June 13th, 2008 admin

Today I finished the first version of my current hobby programming project. The goal of my project was to realize a mediaplayer based on a old but silent Desktop PC. I wanted this PC to host my MP3/Ogg music collection and to provide a very simple interface. I wanted the interface to be accessible from my workstation and from other remote devices - like a iPhone or Windows Mobile based devices - so that I could move the mediaplayer into a corner or my room - or into the basement.

A decided not to write another software mediaplayer but to concentrate on the interface. There are already tons of great players available as Open Source - so why not utilize them? So I made this design for my project:

The music files are stored in a folder on the local filesystem. The information about artist, album, track etc get extracted using a simple Perl script. This data is then imported into a PostgreSQL database.

The user interface is realized in Perl, too. It’s a simple CGI application hosted on a thttpd webserver. The interface offers a simplistic search page. The search is wrapped into SQL queries and send to the PostgreSQL server. The results are rendered as browsable lists.

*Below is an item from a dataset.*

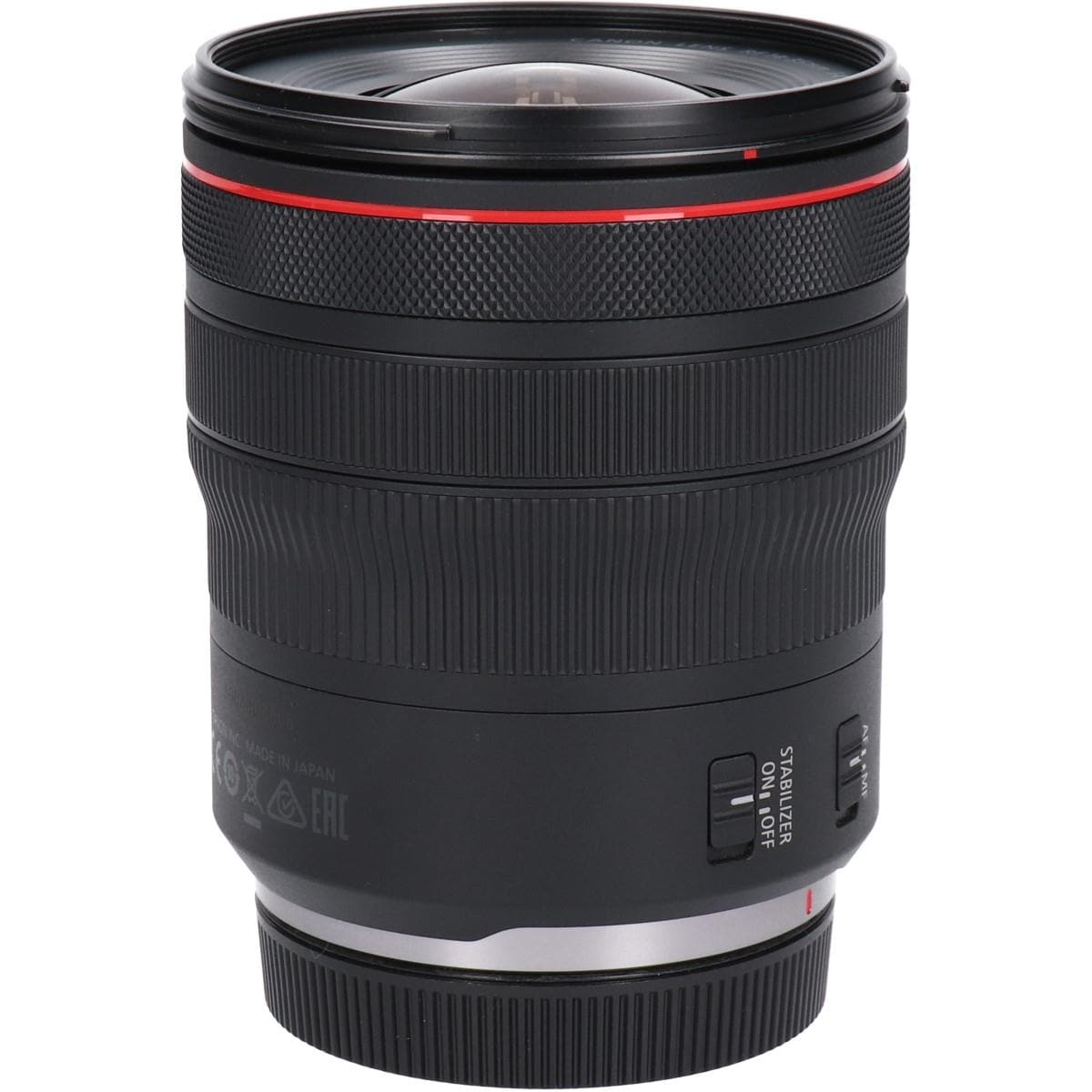 ＲＦ１４－３５ｍｍ　Ｆ４Ｌ　ＩＳ　ＵＳＭ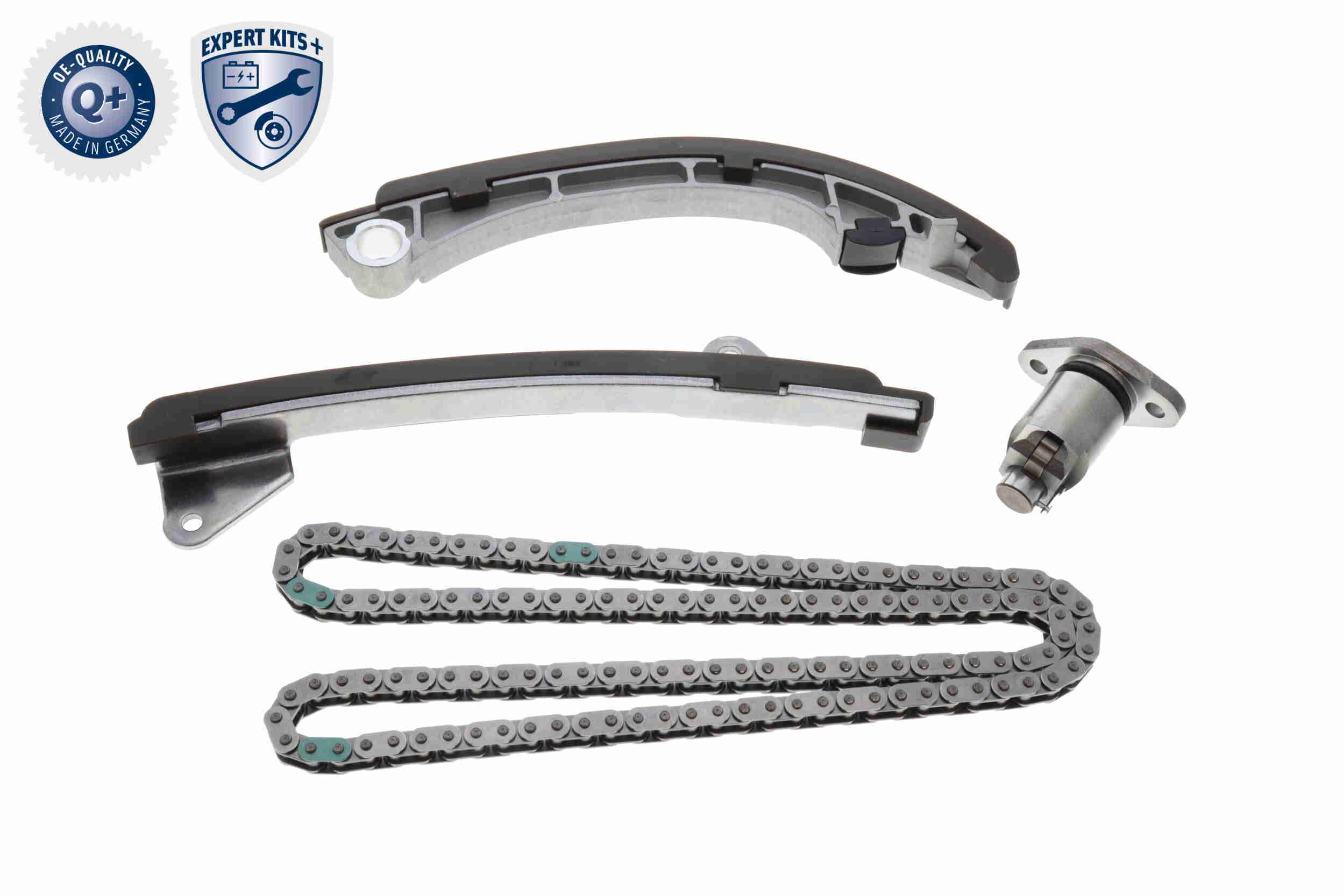 Ackoja Distributieketting kit A70-10002-BEK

The user can either select single songs, all songs for a specific album or all songs of a specific artists. The selection will be stored as a playlist that gets persisted in the database, too.

When a songs gets played and the player finishes, one normally wants the player to start the next song in the playlist. Therefore a daemon process is necessary that watches over the playback, starts it and stops it. I decided to write this daemon in Java because Java offers a good threading API and good network support. One thread of the application watches over the Linux commandline mediaplayer used to play the files (mpg123 and ogg123 in this case). A second thread is used to implement a webserver interface to make the interprocess communcation as painless as possible. Using the integrated webserver the CGI application can start the playback of the next song in the playback with a simple query to http://localhost:8000/start. That’s nice :)

I added some more features every jukebox should have: volume control and a sleeptimer. As noted initially the software is finished now. I installed Xubuntu 8.04, thttpd, PostgreSQL, Perl, mpg123 and ogg123 and my scripts on the box, tweaked the user rights to allow the remote shutdown, copied my music archive onto a second partition and imported it into the database. The installation was a little tricky - but I think that’s OK when I’m be the only customer :) I’ve tested the player for about a week now and it performs nice - no big problems so far. Here are some more screenshots to give you a impression of the software.


This is the default page of the interface displayed in Mozilla 1.7.


You can search for artists, albums and songs. The results are displayed as lists.


The result list is played inside a frame so that you never have to scroll to use the command buttons.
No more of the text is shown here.